__Data__.
────
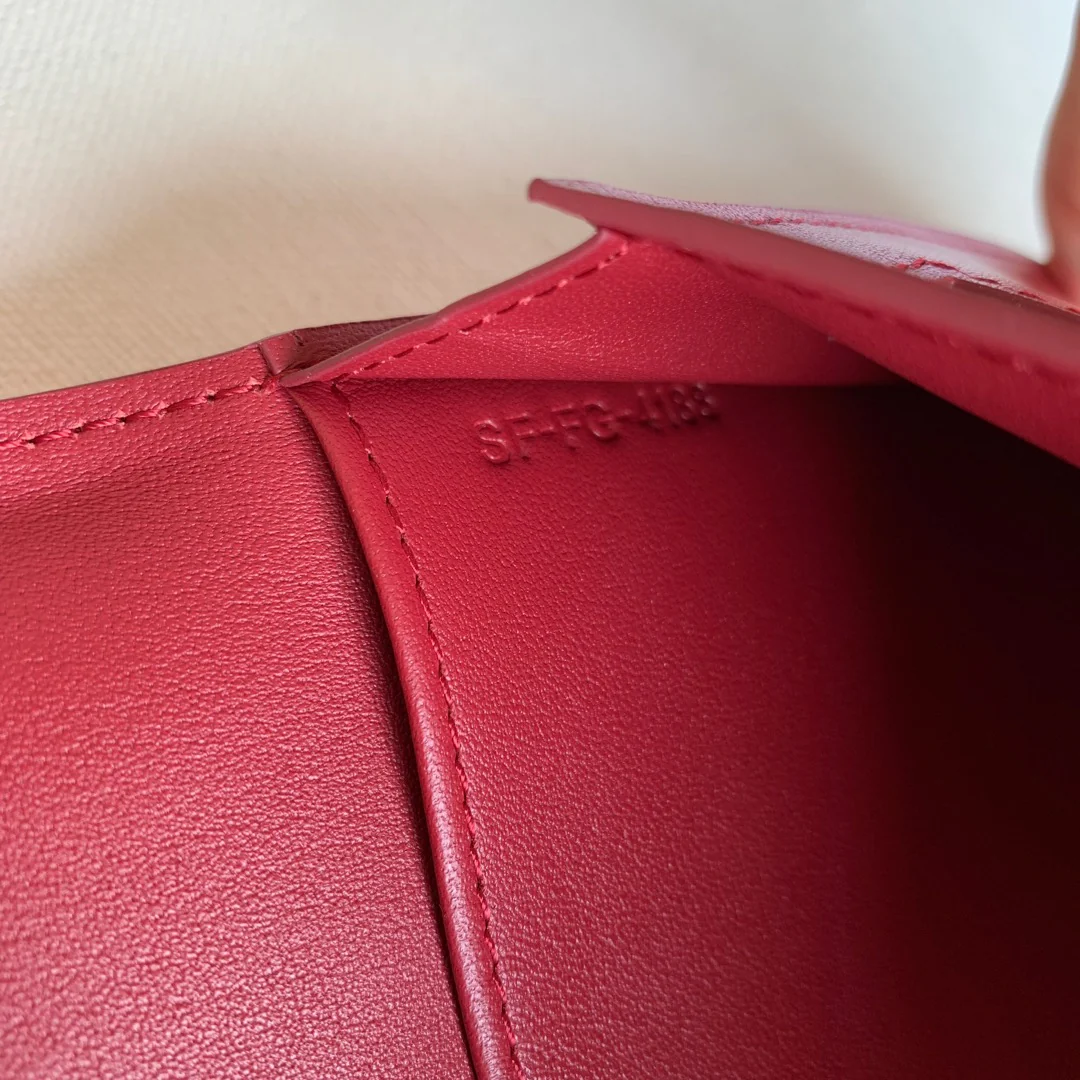 Длинный кошелек Celine - Кошелек с ремешком из крупнозернистой телячьей кожи - 2 шт.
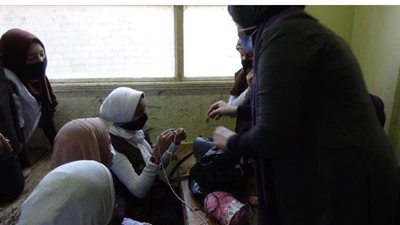 7 أجهزة حديثة للكشف عن أمراض الرمد بقافلة جامعة المنيا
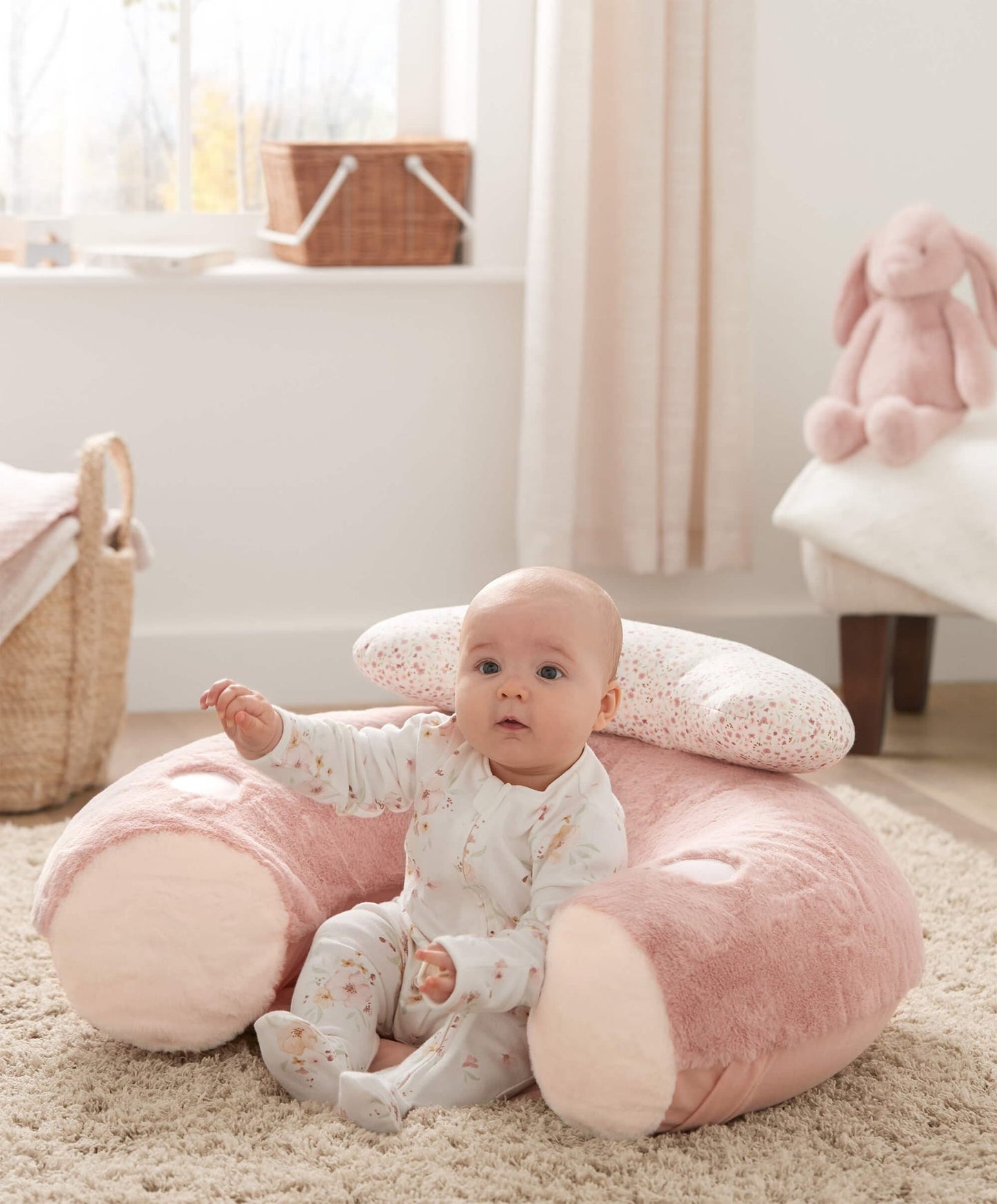 Mamas & Papas Welcome to the World Sit & Play Bunny Interactive Seat - Pink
────
__Goal of the exercise__.
Exclude all pictures and reproduce verbatim the lines running from the line that contains "7 أجهزة حديثة" to the end of the data above, both ends included.

__Finished task__.
 7 أجهزة حديثة للكشف عن أمراض الرمد بقافلة جامعة المنيا
 Mamas & Papas Welcome to the World Sit & Play Bunny Interactive Seat - Pink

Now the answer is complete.